▶ **EXERCISE REQUIREMENTS**
Below is some data. Retype exactly the lines starting at the one with "But I mean, if" and ending at the one with "Let's start filling".

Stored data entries

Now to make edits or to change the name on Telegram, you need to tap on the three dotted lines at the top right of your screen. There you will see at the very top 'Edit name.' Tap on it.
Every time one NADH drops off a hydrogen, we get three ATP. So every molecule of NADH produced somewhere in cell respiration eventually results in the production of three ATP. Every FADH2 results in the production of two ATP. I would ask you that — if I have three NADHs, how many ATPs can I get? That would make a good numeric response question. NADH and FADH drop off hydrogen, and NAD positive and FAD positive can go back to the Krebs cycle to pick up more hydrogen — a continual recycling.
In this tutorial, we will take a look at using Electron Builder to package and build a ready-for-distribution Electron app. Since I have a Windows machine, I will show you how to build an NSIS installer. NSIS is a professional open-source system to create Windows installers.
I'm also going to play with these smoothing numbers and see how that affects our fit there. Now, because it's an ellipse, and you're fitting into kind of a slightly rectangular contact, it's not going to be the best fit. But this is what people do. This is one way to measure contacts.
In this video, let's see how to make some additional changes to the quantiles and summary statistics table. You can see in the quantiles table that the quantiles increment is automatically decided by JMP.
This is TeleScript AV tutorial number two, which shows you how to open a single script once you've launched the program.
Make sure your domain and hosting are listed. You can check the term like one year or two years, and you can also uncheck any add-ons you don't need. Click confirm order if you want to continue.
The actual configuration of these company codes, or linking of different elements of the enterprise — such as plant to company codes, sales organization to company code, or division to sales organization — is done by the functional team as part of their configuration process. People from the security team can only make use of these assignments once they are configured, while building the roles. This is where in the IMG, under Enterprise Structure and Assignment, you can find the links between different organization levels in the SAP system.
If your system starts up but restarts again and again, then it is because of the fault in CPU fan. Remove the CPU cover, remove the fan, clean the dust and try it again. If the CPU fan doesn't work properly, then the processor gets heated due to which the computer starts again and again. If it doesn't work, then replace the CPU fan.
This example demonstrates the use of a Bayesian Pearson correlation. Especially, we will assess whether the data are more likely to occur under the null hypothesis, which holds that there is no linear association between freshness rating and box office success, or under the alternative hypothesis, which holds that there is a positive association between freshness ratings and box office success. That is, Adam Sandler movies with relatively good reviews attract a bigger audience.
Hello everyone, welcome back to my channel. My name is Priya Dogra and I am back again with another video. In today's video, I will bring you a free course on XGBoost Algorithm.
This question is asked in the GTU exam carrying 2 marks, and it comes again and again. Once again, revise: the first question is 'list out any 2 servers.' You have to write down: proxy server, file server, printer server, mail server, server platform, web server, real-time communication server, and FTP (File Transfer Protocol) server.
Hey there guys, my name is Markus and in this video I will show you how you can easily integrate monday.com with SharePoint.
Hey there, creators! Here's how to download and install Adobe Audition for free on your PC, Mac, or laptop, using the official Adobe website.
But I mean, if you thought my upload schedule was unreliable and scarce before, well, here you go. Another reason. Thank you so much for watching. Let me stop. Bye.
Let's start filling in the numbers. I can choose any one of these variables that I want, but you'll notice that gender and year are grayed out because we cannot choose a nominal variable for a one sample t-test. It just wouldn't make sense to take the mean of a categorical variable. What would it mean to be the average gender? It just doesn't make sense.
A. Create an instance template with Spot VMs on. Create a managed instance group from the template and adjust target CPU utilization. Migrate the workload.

▶ **TASK OUTPUT**
But I mean, if you thought my upload schedule was unreliable and scarce before, well, here you go. Another reason. Thank you so much for watching. Let me stop. Bye.
Let's start filling in the numbers. I can choose any one of these variables that I want, but you'll notice that gender and year are grayed out because we cannot choose a nominal variable for a one sample t-test. It just wouldn't make sense to take the mean of a categorical variable. What would it mean to be the average gender? It just doesn't make sense.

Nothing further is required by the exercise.